Depuis « l’afflux massif » de réfugiés et de demandeurs d’asile en provenance du Moyen-Orient, notamment de la Syrie en guerre, afflux qui a commencé en automne 2015, il y a eu 3 200 nouveaux arrivants ; 420 en novembre et décembre de l’année dernière, aux alentours de 200 par mois cette année. Dès le début, le gouvernement DP/LSAP/Verts s’est montré généreux et proactif, sillonnant le pays à la recherche de nouveaux logements, promettant de construire rapidement des villages de containeurs afin d’éviter de loger les demandeurs sous des tentes – comme cela avait été le cas lors du dernier afflux, en 2011/12. Mais depuis lors, plusieurs projets (Steinfort, Bridel,…) se sont embourbés dans des procédures judiciaires entamées par des citoyens opposés à l’arrivée de pauvres étrangers dans leur voisinage. Et les structures existantes sont dans un piteux état (comme le Don Bosco au Limpertsberg, qui a dû être rouvert), ou seront récupérées par leurs propriétaires (comme le centre de logopédie). L’approche des élections communales de 2017 laisse présager que plus aucun maire n’aura le courage d’attaquer un projet impopulaire d’ici l’hiver prochain. Alors ceux qui travaillent sur le terrain, que ce soient les fonctionnaires de l’Olai, les collaborateurs des ONGs comme la Croix-Rouge, la Caritas ou l’Asti, et les nombreux bénévoles engagés, essaient de joindre les deux bouts et de gérer une situation exceptionnelle dans la durée.
Or, la durée, justement, est un des grands problèmes : Les procédures d’analyse des demandes de protection internationale sont toujours beaucoup trop longues : après la réforme de 2015, elles devaient être réduites à six mois.
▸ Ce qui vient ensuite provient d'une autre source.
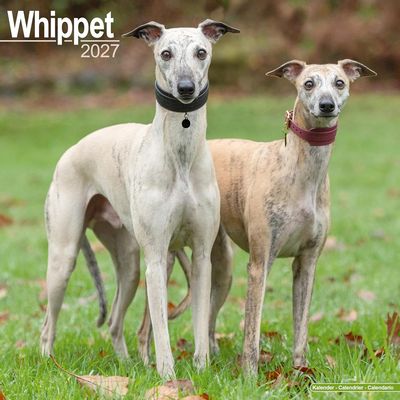 Whippets 2027 Wall Calendar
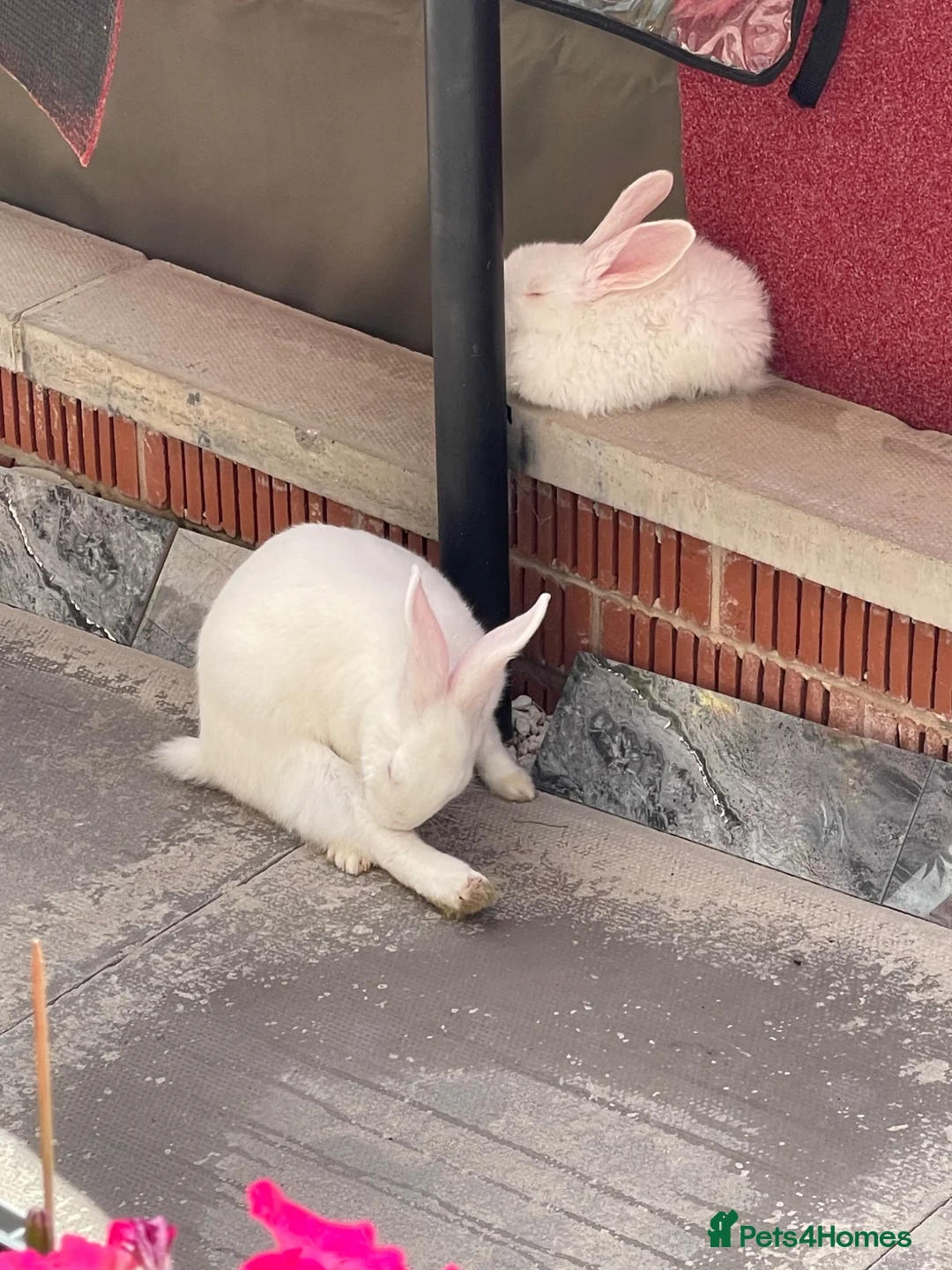 New Zealand rabbits for sale: White Albino New Zealand’s for sale  in Dewsbury - Advert 2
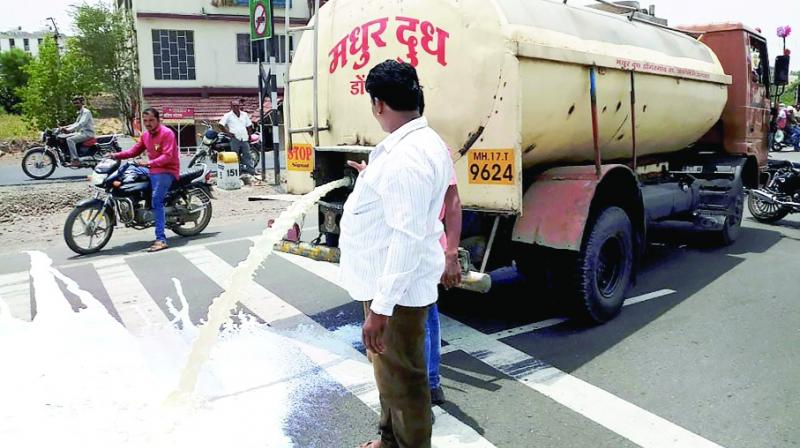 A farmer sheds milk in Pune. A farmer sheds milk in Pune.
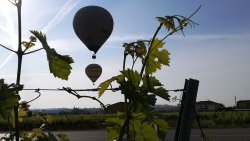 Enoturismo Penedès desde el aire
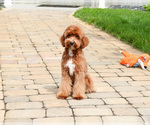 Small #4 Cavapoo (Miniature)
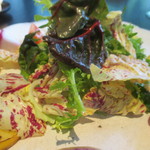 各地農園から届いた畠のサラダ
          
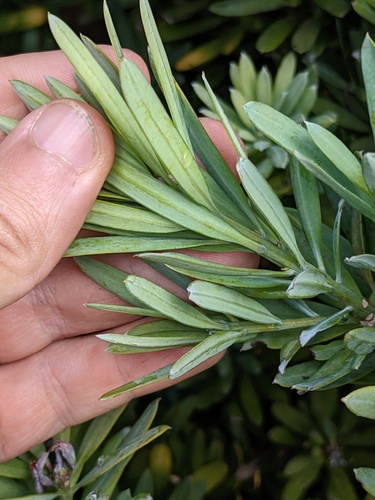 real yellowwood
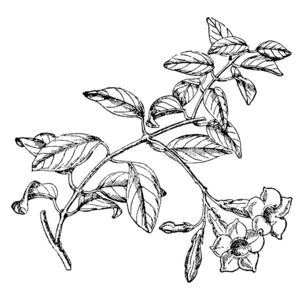 苏州园林矢量图图片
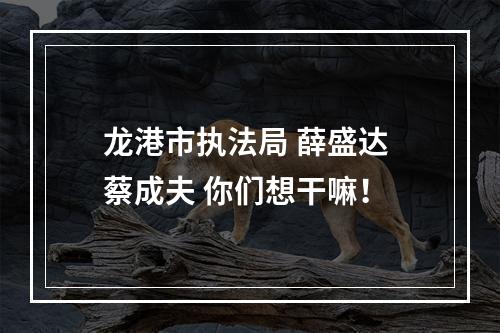 龙港市执法局 薛盛达 蔡成夫 你们想干嘛！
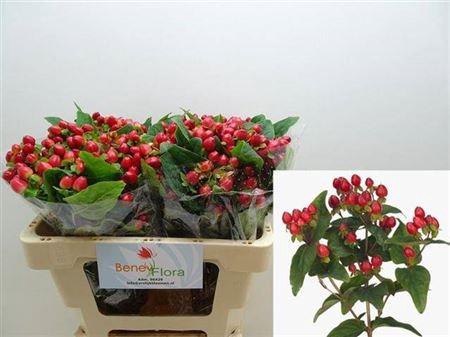 <h4>Hyp Mag Triumph</h4>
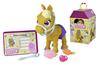 Verwen Huisdieren. Pony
Dans les faits, les demandeurs attendent souvent plusieurs mois, voire un an avant leur premier entretien – et s’impatientent parce que le regroupement familial, leur but premier, est extrêmement difficile. Durant ce temps, ils n’ont guère accès au marché de l’emploi et passent leurs journées à attendre. Ces délais sont du domaine du ministre de l’Immigration, Jean Asselborn (LSAP), qui ne s’exprime jamais sur le sujet au Luxembourg. Or, si le pourcentage d’accords du statut de réfugié selon la convention de Genève a considérablement augmenté – à un tiers des décisions cette année, contre entre cinq et dix pour cent les années précédentes –, c’est surtout dû au fait que les Syriens constituent désormais la majorité des demandeurs et que leurs dossiers sont expédiés plus rapidement. Mais Jean Asselborn est aussi un ministre qui expulse, presque 400 retours cette année, surtout vers les pays des Balkans, qui sont le plus souvent des retours volontaires (seulement 55 retours forcés) – sans qu’on n’entende jamais de qualificatif de « cœur de pierre » comme ce fut le cas pour Luc Frieden avant lui. Peut-être parce qu’il sait être pragmatique et n’hésite pas à intervenir en faveur de l’un ou l’autre cas désespéré en lui accordant un statut de tolérance.
Mais, face à tant d’adversité – l’opposition de nombreux citoyens et de leurs élus locaux, la dégradation tragique des structures d’accueil, le manque de ressources humaines, l’interminable attente, l’impossible accès au marché de l’emploi et, pire encore, à celui du logement (même pour les réfugiés qui ont le statut, mais pas de ressources financières) –, l’image humaniste du gouvernement commence à se fissurer. Sa responsabilité est collective.